=== Begin Enclosure ===

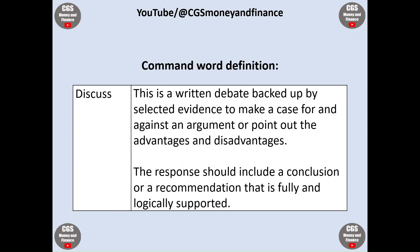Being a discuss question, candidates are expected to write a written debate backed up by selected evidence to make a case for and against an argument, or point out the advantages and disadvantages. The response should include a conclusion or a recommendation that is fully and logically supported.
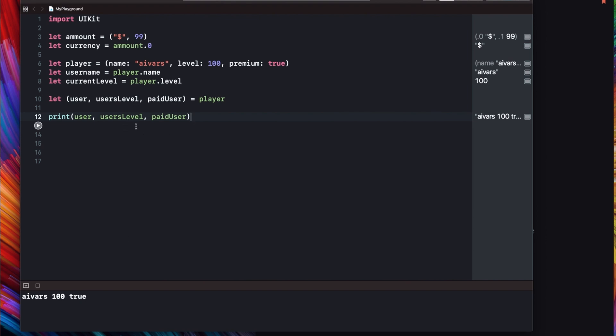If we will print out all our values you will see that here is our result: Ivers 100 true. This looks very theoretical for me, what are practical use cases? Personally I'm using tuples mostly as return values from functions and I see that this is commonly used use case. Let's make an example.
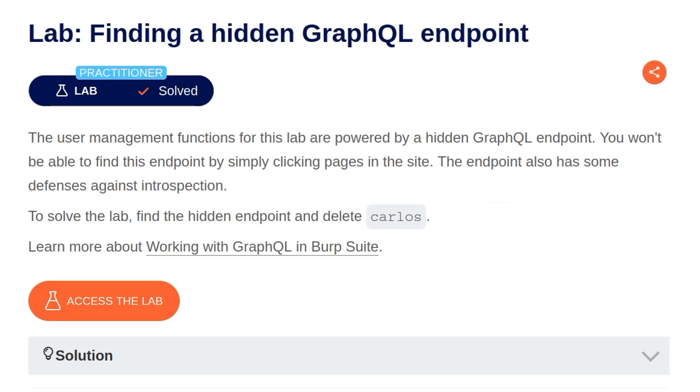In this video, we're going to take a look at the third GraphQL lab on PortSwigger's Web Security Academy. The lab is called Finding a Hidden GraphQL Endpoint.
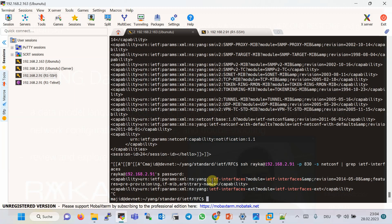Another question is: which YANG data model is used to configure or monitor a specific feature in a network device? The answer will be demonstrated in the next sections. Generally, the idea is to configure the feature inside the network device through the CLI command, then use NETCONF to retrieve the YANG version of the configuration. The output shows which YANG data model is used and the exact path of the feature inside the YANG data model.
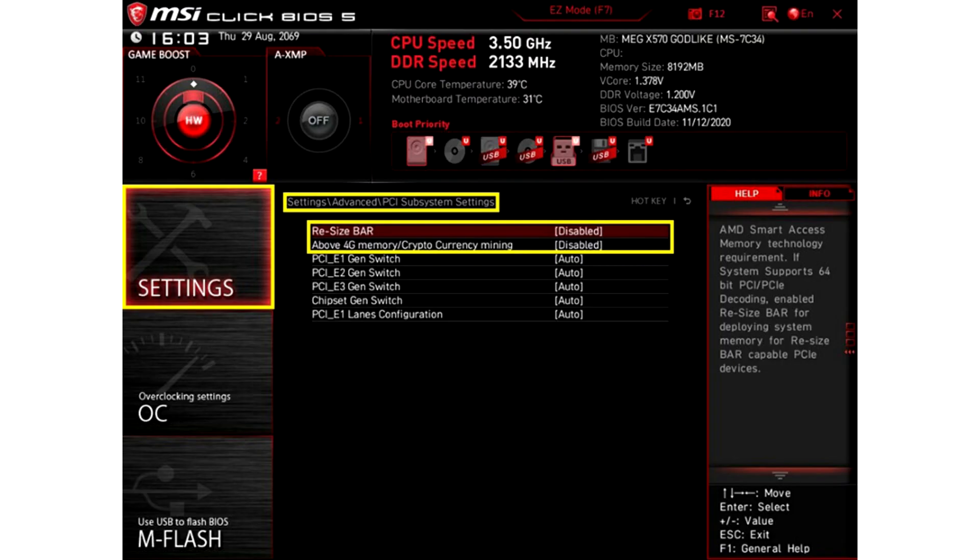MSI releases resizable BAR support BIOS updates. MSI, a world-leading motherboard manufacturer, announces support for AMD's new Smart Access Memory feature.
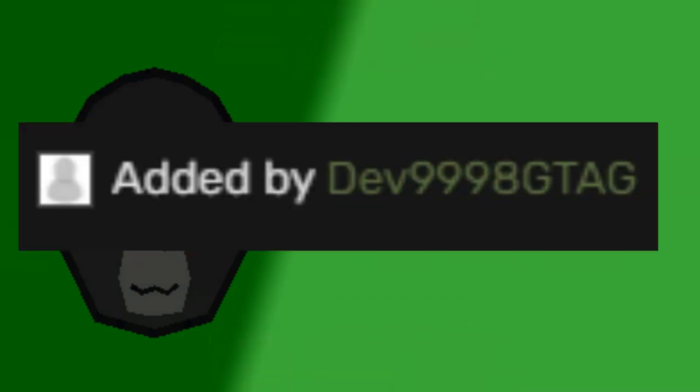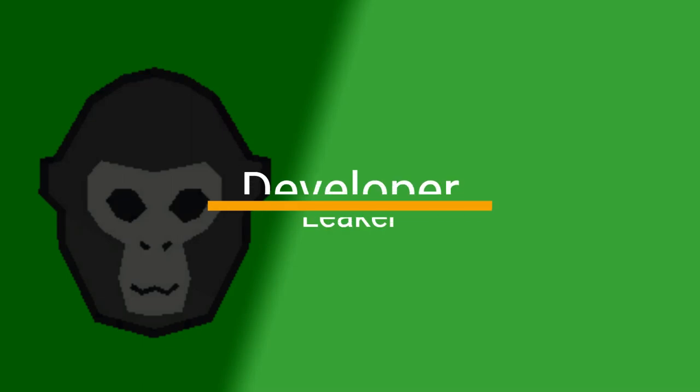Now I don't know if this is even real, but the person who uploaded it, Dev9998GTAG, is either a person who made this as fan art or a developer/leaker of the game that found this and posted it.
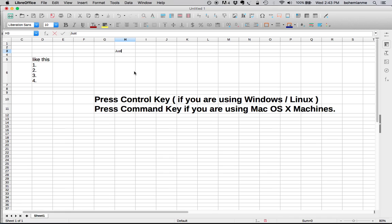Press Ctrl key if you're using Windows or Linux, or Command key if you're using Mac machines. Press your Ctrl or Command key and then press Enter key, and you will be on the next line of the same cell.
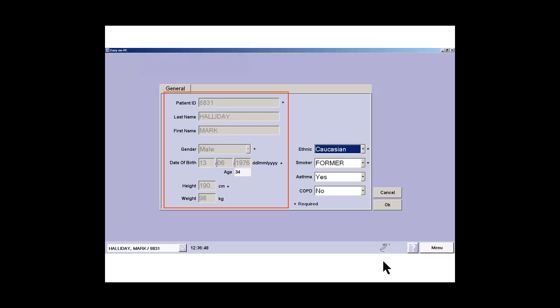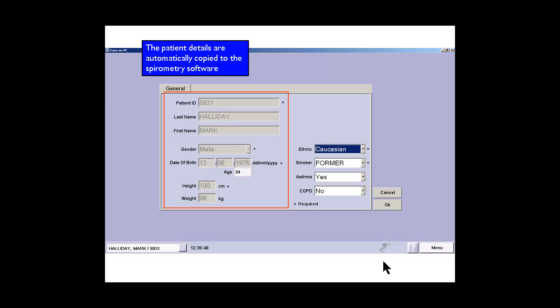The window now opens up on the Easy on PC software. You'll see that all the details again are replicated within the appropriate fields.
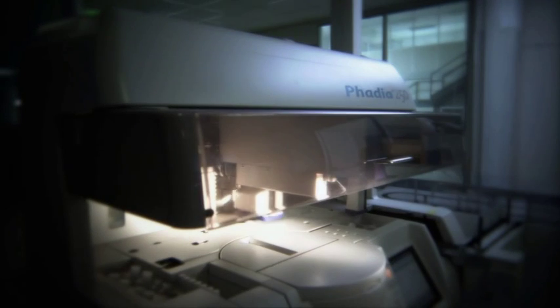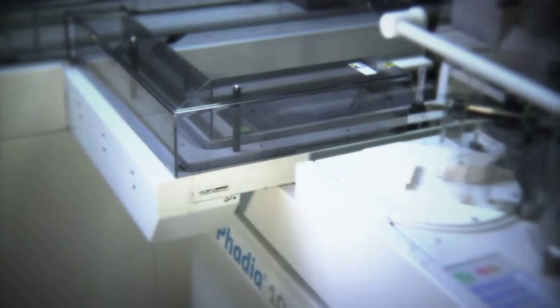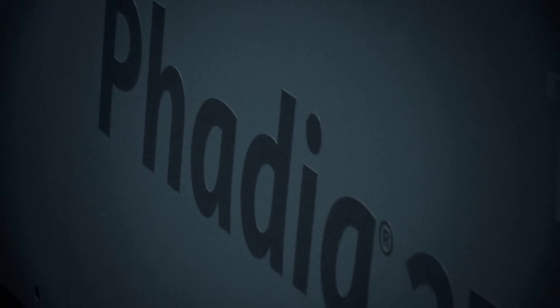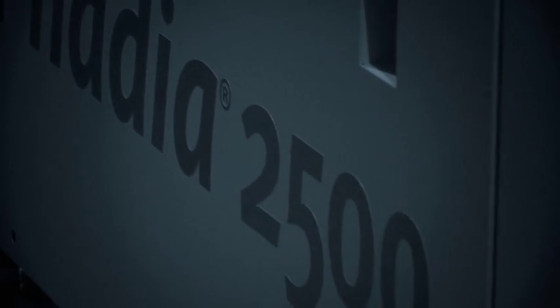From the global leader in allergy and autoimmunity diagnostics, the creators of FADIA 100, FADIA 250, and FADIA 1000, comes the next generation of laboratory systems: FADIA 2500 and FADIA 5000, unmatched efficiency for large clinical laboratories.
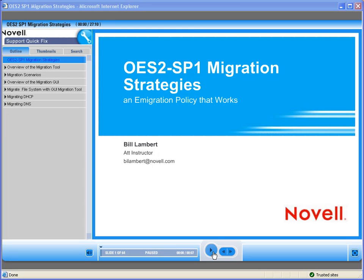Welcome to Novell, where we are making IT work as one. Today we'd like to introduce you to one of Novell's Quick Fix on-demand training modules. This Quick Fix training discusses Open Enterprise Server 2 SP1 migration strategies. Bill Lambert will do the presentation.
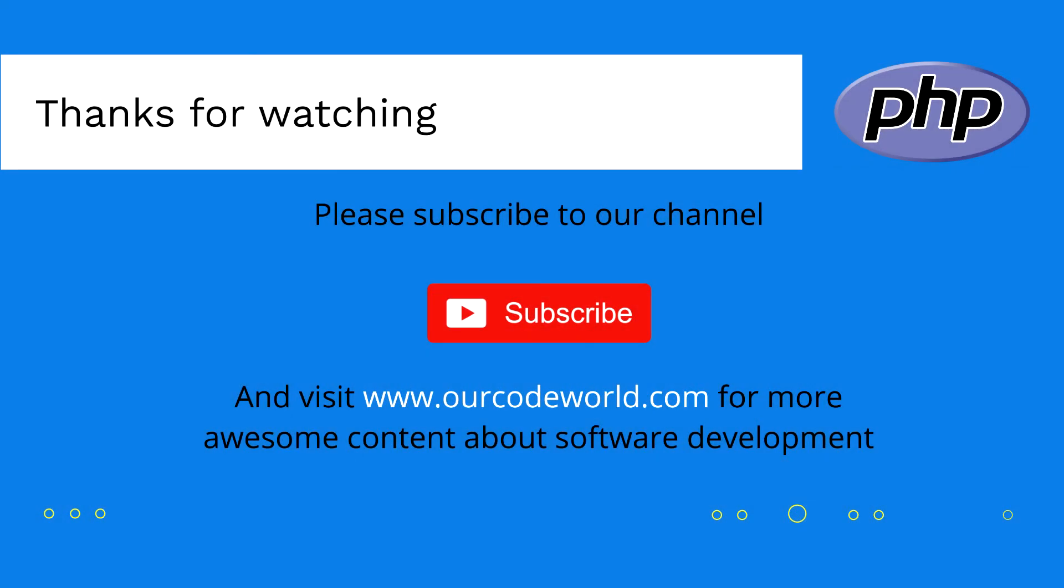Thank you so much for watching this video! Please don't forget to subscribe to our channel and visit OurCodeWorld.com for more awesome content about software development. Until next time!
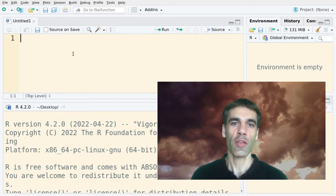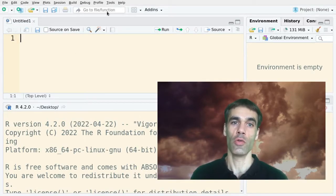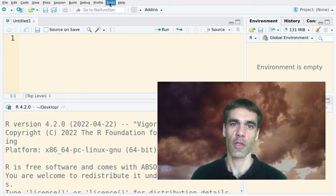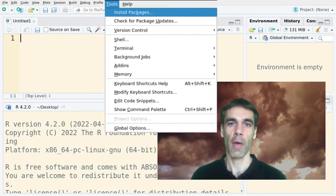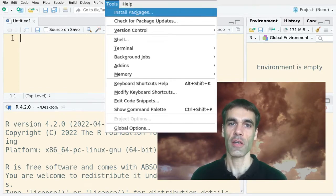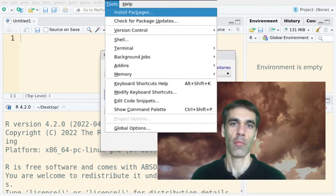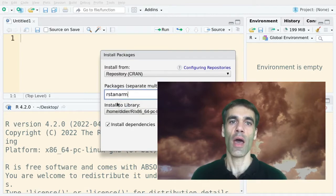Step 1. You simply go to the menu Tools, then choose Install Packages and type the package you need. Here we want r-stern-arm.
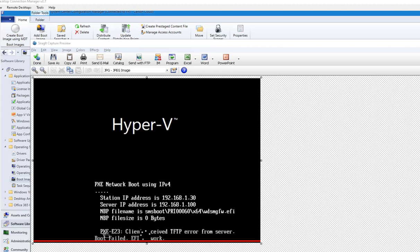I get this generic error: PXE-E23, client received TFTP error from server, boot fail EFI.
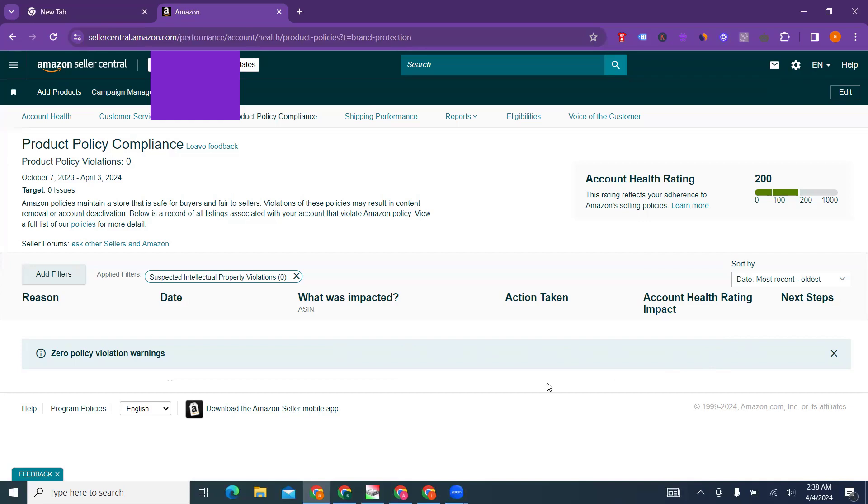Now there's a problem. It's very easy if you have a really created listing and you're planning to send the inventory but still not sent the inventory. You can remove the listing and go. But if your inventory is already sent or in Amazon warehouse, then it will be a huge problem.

=== End Enclosure ===

Exact lines only, please. Repeat everything from the top of the records through the line containing "Another question is: which", both ends in and pictures out.

Being a discuss question, candidates are expected to write a written debate backed up by selected evidence to make a case for and against an argument, or point out the advantages and disadvantages. The response should include a conclusion or a recommendation that is fully and logically supported.
If we will print out all our values you will see that here is our result: Ivers 100 true. This looks very theoretical for me, what are practical use cases? Personally I'm using tuples mostly as return values from functions and I see that this is commonly used use case. Let's make an example.
In this video, we're going to take a look at the third GraphQL lab on PortSwigger's Web Security Academy. The lab is called Finding a Hidden GraphQL Endpoint.
Another question is: which YANG data model is used to configure or monitor a specific feature in a network device? The answer will be demonstrated in the next sections. Generally, the idea is to configure the feature inside the network device through the CLI command, then use NETCONF to retrieve the YANG version of the configuration. The output shows which YANG data model is used and the exact path of the feature inside the YANG data model.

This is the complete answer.